(WHAT TO WORK ON) Using the records that follow, reproduce exactly the lines starting at the line containing "2025年的哈啰可以借钱吗有：桔享花、钱速达融、随手贷、星辉贷款通、三枝花等。" and ending at the line containing "现场施工进度 2010年4月20日". Include both end lines and no pictures.

(GIVEN DATA)
-=-=-=-=-
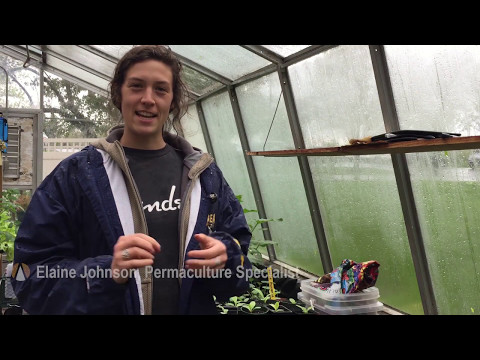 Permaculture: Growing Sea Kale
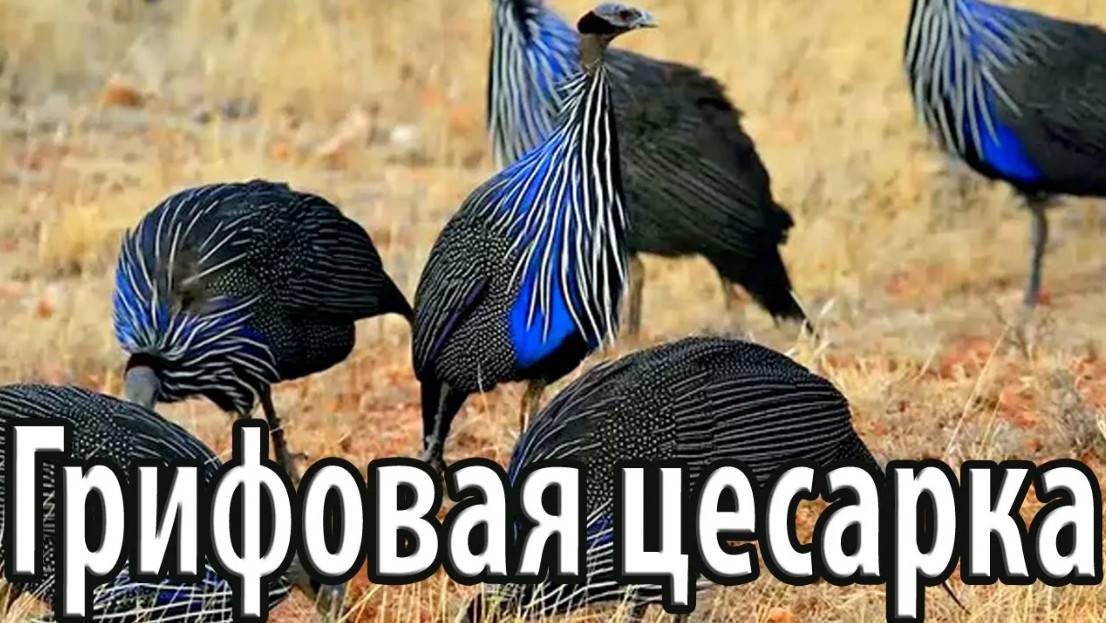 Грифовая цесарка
-=-=-=-=-
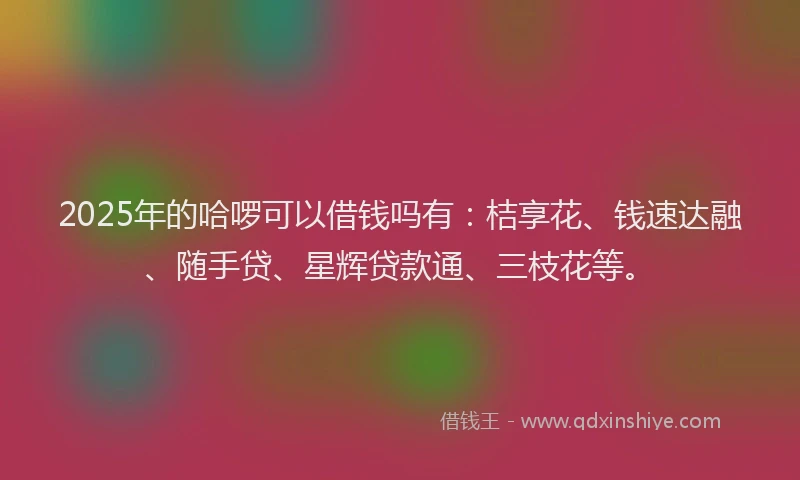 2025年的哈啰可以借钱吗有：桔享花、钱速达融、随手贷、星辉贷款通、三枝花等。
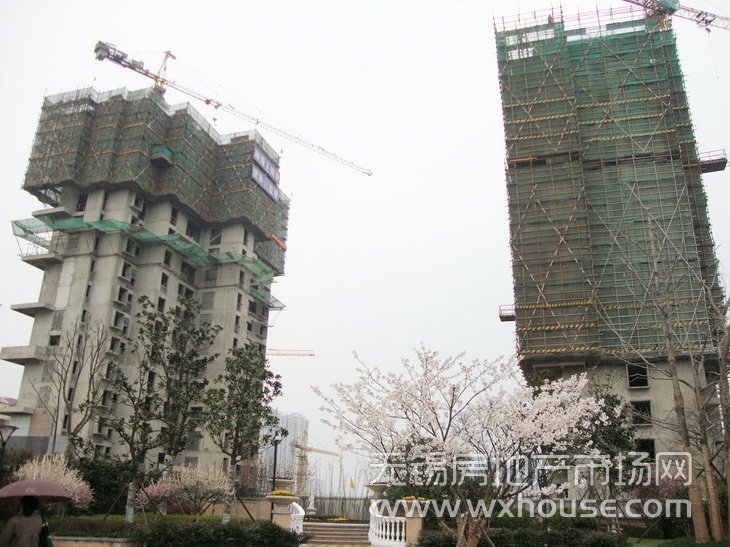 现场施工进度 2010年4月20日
-=-=-=-=-
(RESULT OF THE TASK)
 2025年的哈啰可以借钱吗有：桔享花、钱速达融、随手贷、星辉贷款通、三枝花等。
 现场施工进度 2010年4月20日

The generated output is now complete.